Brief descriptive captions:
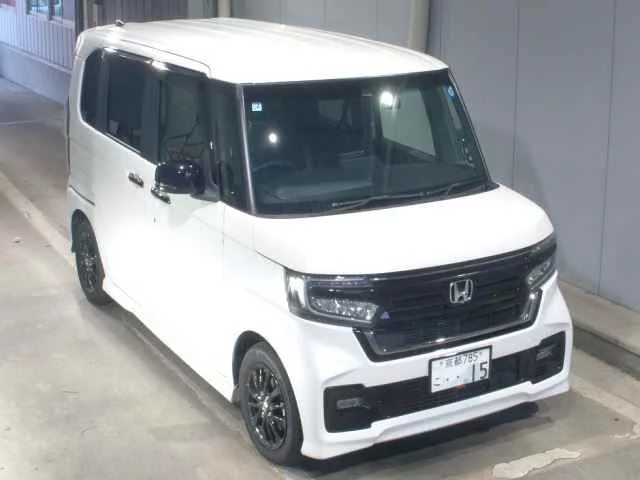 Honda N-Box JF3 2023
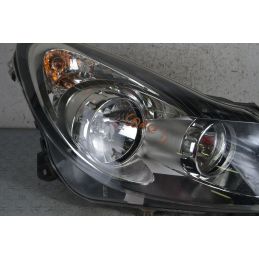 Faro fanale anteriore DX Opel Corsa D Dal 2006 al 2010 Cod 13217454  1693925939334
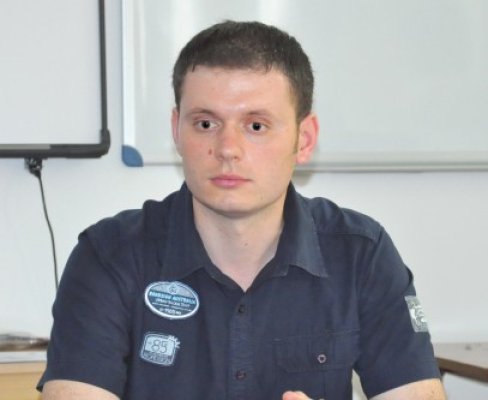 Marius Ghiţă de la Rutieră, şef la IPJ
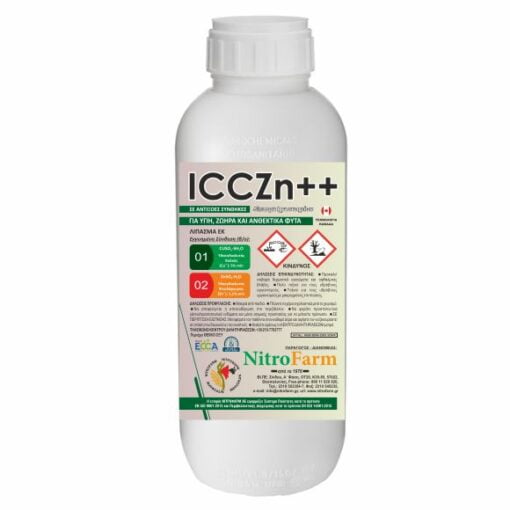 ICCZn 500cc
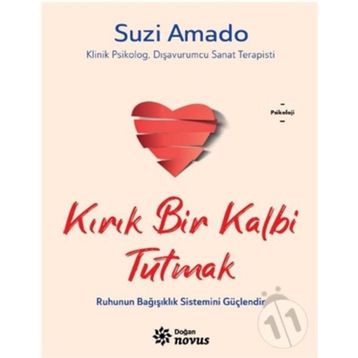 Kırık Bir Kalbi Tutmak - Suzi Amado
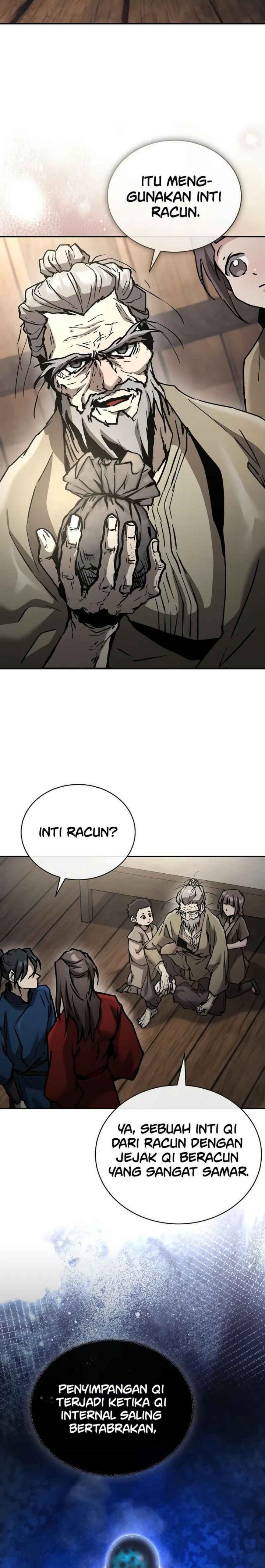 Reborn on the Demonic Cult Battlefield Chapter 21 Gambar 32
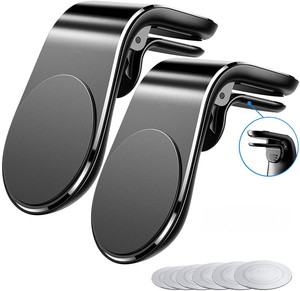 <span class=keywords><strong>Support</strong></span> de téléphone de <span class=keywords><strong>voiture</strong></span> magnétique pour téléphone dans la <span class=keywords><strong>voiture</strong></span> <span class=keywords><strong>Support</strong></span> pour bouche d'aération en forme de L <span class=keywords><strong>Support</strong></span> magnétique pour téléphone portable pour Iphone <span class=keywords><strong>Samsung</strong></span> - Product Image 2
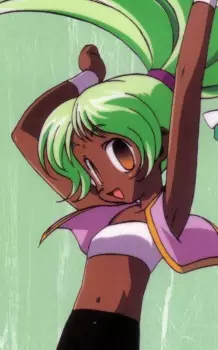 Gambar Karakter Anime: Chandy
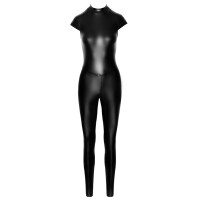 Overall -> im Powerwetlook - Schwarz
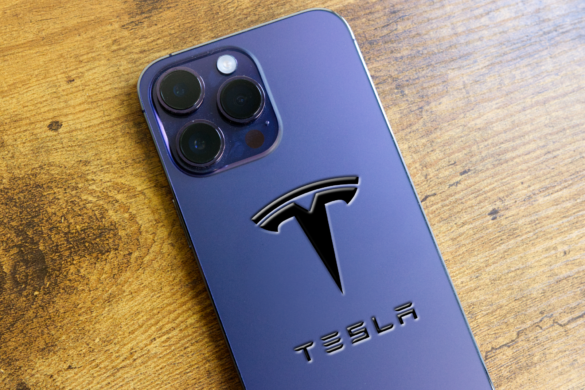 Tesla Phone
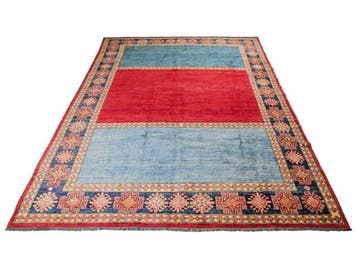 Afghan - Tapijt - 282 cm - 209 cm - Gabbeh Nomadische, Nieuw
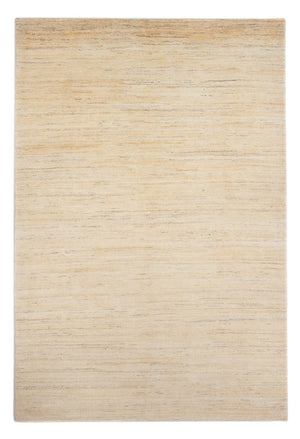 Tapis Gabbeh - Persan - 252 x 159 cm - beige clair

Instructions for the task ::
The pictures alone are to be left out when the data above is copied; all else must match exactly.

Answer section ::
 Honda N-Box JF3 2023
 Faro fanale anteriore DX Opel Corsa D Dal 2006 al 2010 Cod 13217454  1693925939334
 Marius Ghiţă de la Rutieră, şef la IPJ
 ICCZn 500cc
 Kırık Bir Kalbi Tutmak - Suzi Amado
 Reborn on the Demonic Cult Battlefield Chapter 21 Gambar 32
 <span class=keywords><strong>Support</strong></span> de téléphone de <span class=keywords><strong>voiture</strong></span> magnétique pour téléphone dans la <span class=keywords><strong>voiture</strong></span> <span class=keywords><strong>Support</strong></span> pour bouche d'aération en forme de L <span class=keywords><strong>Support</strong></span> magnétique pour téléphone portable pour Iphone <span class=keywords><strong>Samsung</strong></span> - Product Image 2
 Gambar Karakter Anime: Chandy
 Overall -> im Powerwetlook - Schwarz
 Tesla Phone
 Afghan - Tapijt - 282 cm - 209 cm - Gabbeh Nomadische, Nieuw
 Tapis Gabbeh - Persan - 252 x 159 cm - beige clair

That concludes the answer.